• [TASK DIRECTIONS] Repeat each line of the data below exactly, but skip the pictures.

• [EXERCISE DATA]

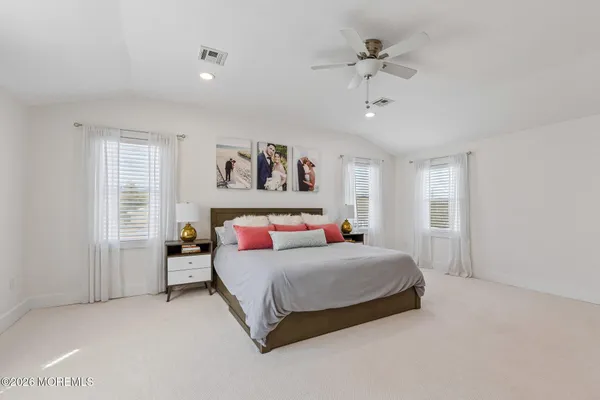 a bedroom with a bed and a ceiling fan
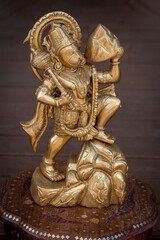 Fototapeta premium Golden Statue of Hindu Deity Hanuman Holding Mountain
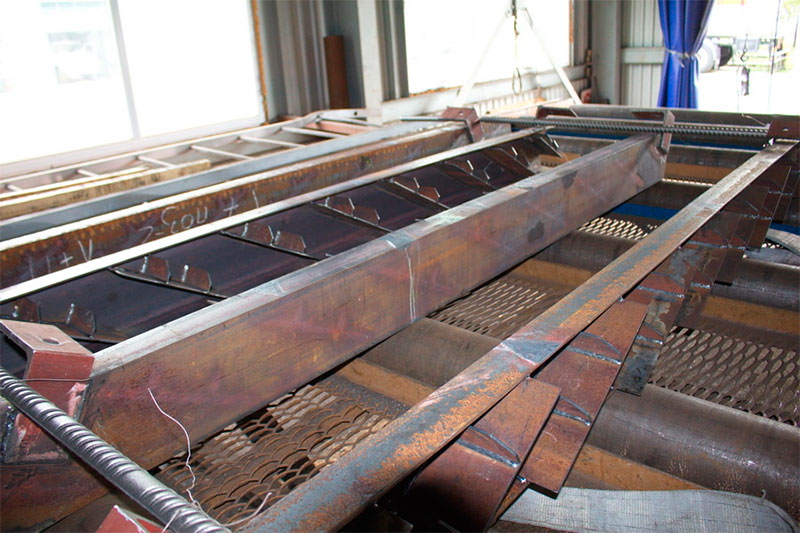 Загрузка в дробемётную камеру заготовок лестничных маршей анкерной опоры городской и высокоскоростной трассы SkyWay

• [RESULT FOR THIS EXERCISE]
 a bedroom with a bed and a ceiling fan
 Fototapeta premium Golden Statue of Hindu Deity Hanuman Holding Mountain
 Загрузка в дробемётную камеру заготовок лестничных маршей анкерной опоры городской и высокоскоростной трассы SkyWay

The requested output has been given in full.